An einem wunderschönen Herbsttag bin ich mit den Tourismusbeauftragen der Gemeinde Rita Krämer und Claudia Deiss verabredet. Wir möchten den Tag gemeinsam verbringen und Uelversheim erkunden.

Schon an unserem Treffpunkt am Rathaus gibt es einiges zu entdecken. 

Das Ortswappen der Gemeinde auf der Fassade des schönen 1984/85 renovierten Rathauses fällt sofort ins Auge. „Wie viele Ortswappen geriet es in den letzten 150 Jahren in Vergessenheit" verriet mir Rita Krämer. „Ein Original-Siegelstempel wurde 1913 wiedergefunden. Erst in den 60er Jahren wurden die Ortswappen wieder „salonfähig". Das aktuelle Ortswappen auf dem Rathaus zeigt den örtlichen Kirchenpatron St. Martin und den Leininger-Adler".

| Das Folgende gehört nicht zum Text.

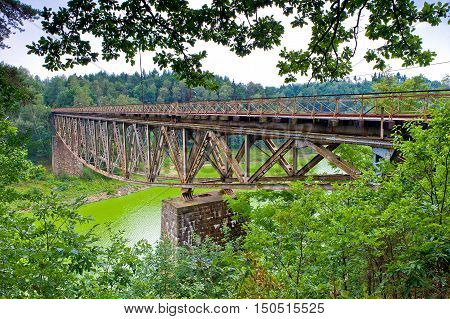 Bridge over Bobr river in countryside of Pilchowice Poland.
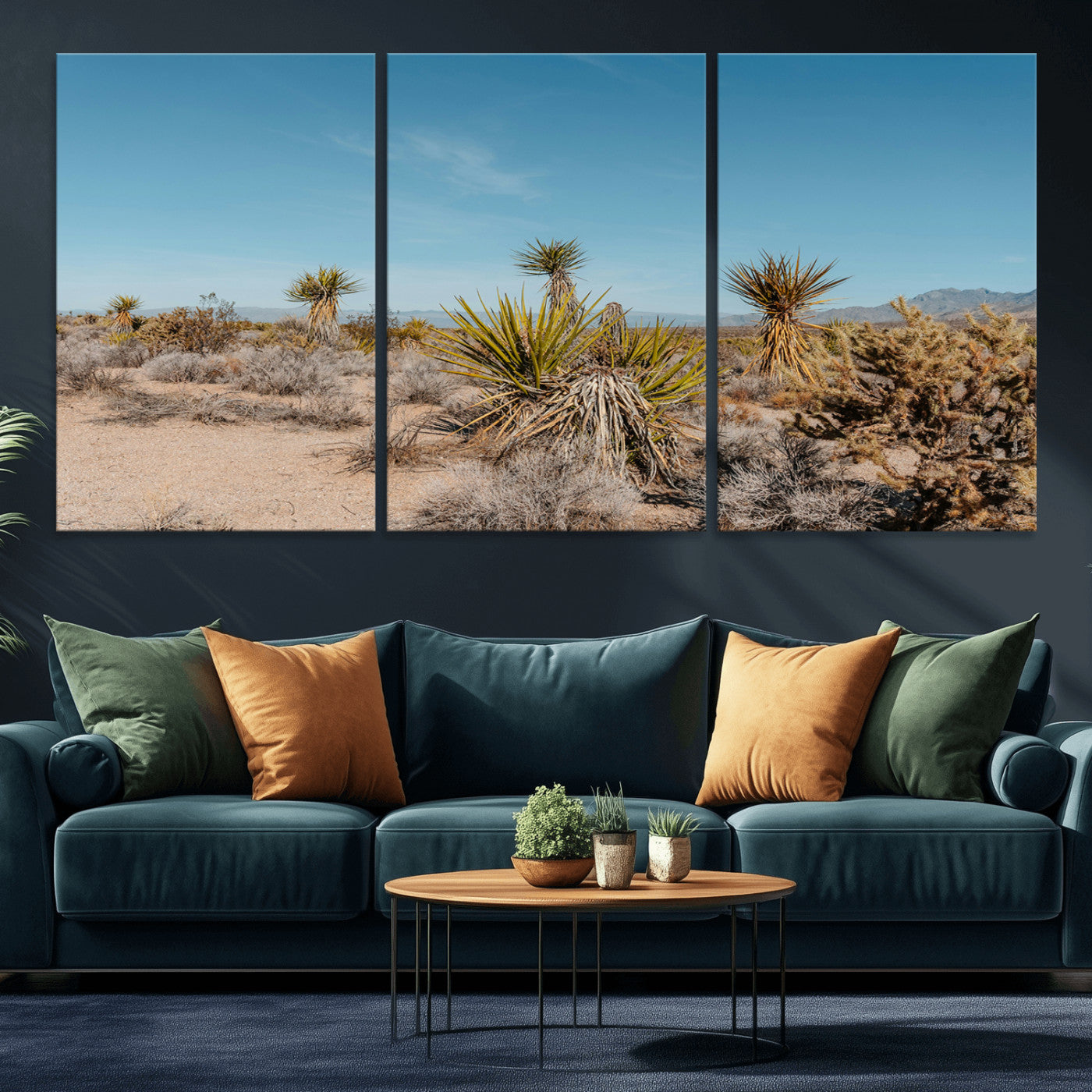 35156165-MGV-CV-36X24-Joshua Tree Wall Art Canvas Print, Framed Desert Landscape Art Picture Print, Warm Earth Tones Perfect Southwestern Minimalist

Das Uelversheimer Rathaus erfüllte nach seiner Erbauung 1797 in einer bewegten Zeit mehrere Funktionen. Neben der Dorfverwaltung und dem Ortsgericht waren darin das Standesamt und eine Arrestzelle untergebracht. Im Erdgeschoss hatte bis zum Neubau des Feuerwehrhauses 2005 die Freiwillige Feuerwehr ihr Domizil. Kaum zu glauben, dass ein Feuerwehrauto Platz darin fand.

Vor dem Rathaus befand sich auch die gemeindeeigene Waage. 

Vor dem Rathaus steht die Bronzefigur „Wingertschütz". Auch über diese Figur gibt es einiges zu erzählen. „In jedem Dorf gibt und gab es besondere Menschen. Karl Martin, seinerseits Wingertschütz, sorgte dafür, dass die Staren die Weintrauben nicht zerstören und wegpicken. Er benutzte nicht nur seine Flinte, sondern trommelte auch durch die Weinberge, um diese zu verscheuchen. Er war ein sehr geselliger Mensch und ließ sich überall in Uelversheim zu einem Gläschen oder zwei einladen und war sehr beliebt."  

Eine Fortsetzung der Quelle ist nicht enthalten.